→ **Prompt**:
In the copy, keep every word of the data below and none of its pictures.

Data: Begin

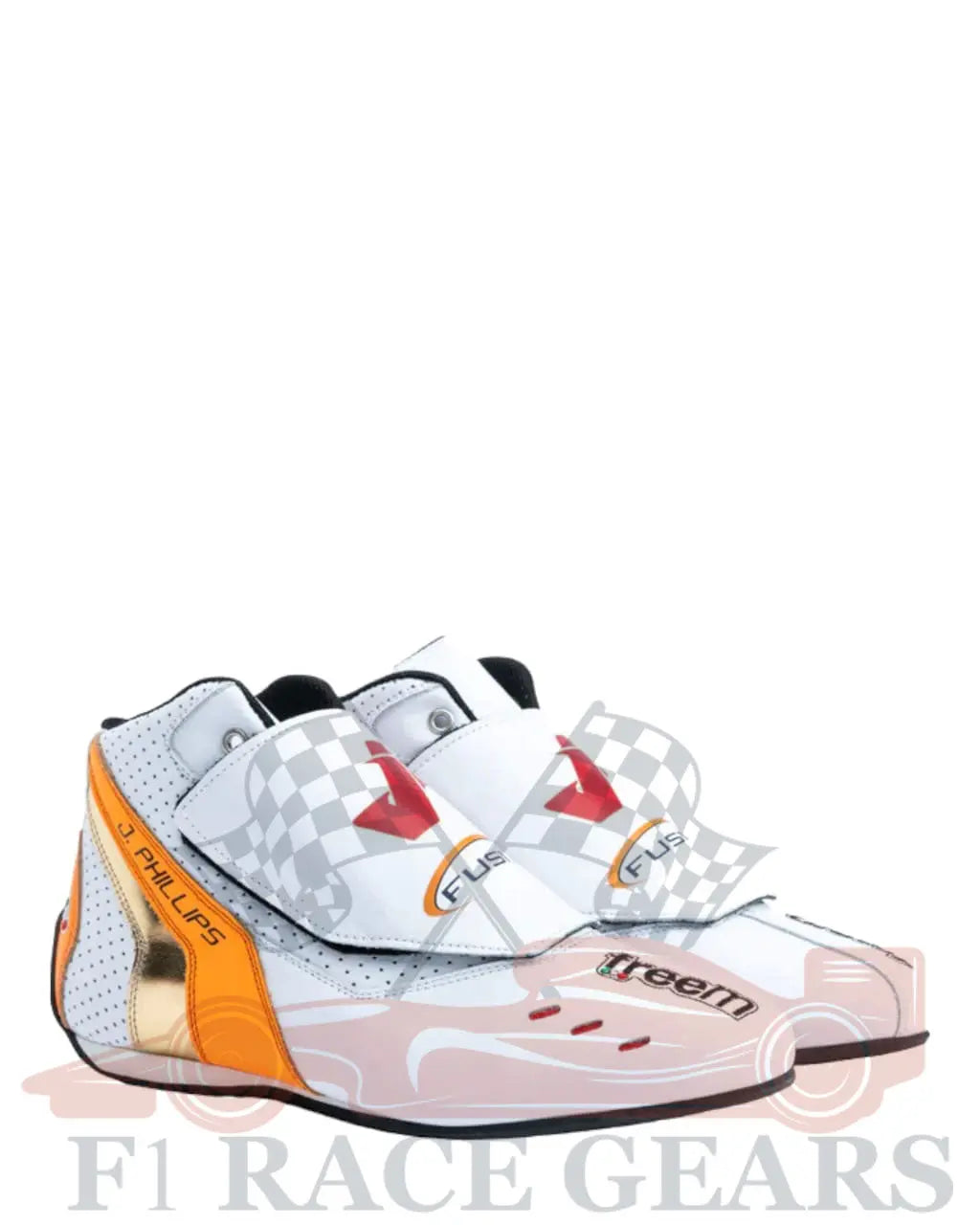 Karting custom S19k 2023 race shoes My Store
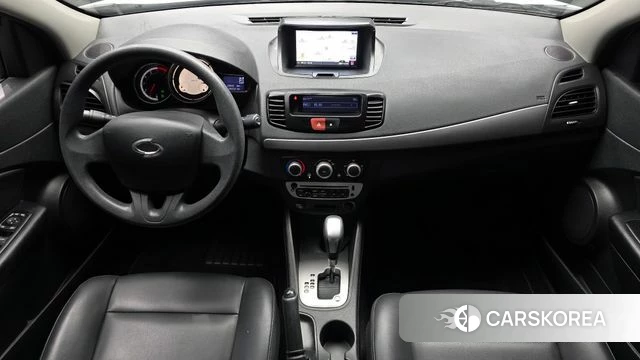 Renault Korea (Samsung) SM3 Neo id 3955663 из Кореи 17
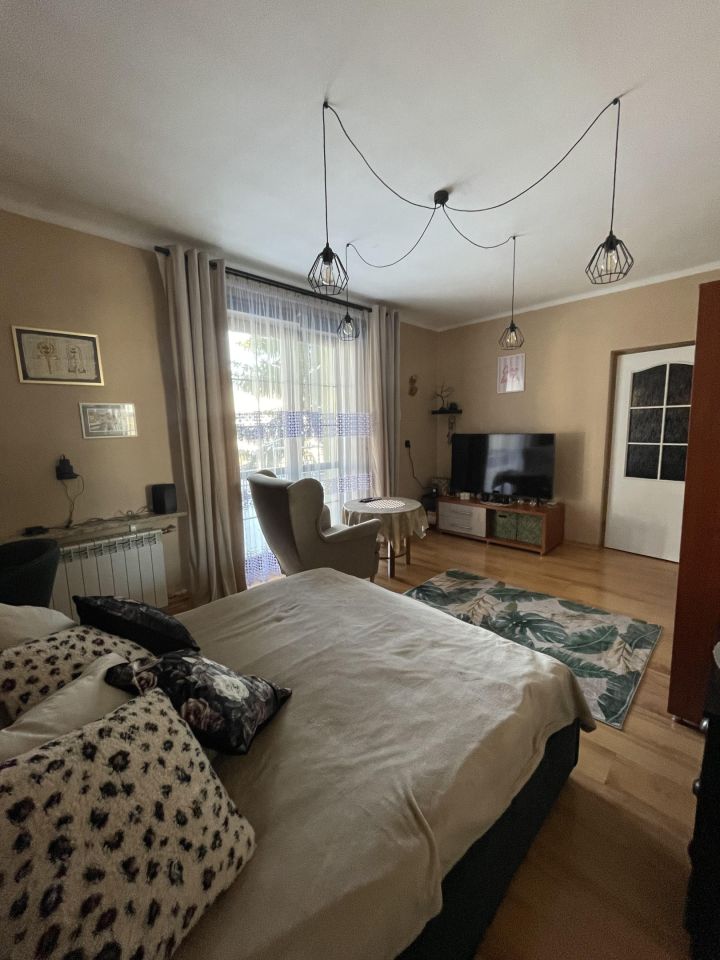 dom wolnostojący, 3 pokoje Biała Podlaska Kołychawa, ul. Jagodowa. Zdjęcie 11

Data: End

→ **The answer**:
 Karting custom S19k 2023 race shoes My Store
 Renault Korea (Samsung) SM3 Neo id 3955663 из Кореи 17
 dom wolnostojący, 3 pokoje Biała Podlaska Kołychawa, ul. Jagodowa. Zdjęcie 11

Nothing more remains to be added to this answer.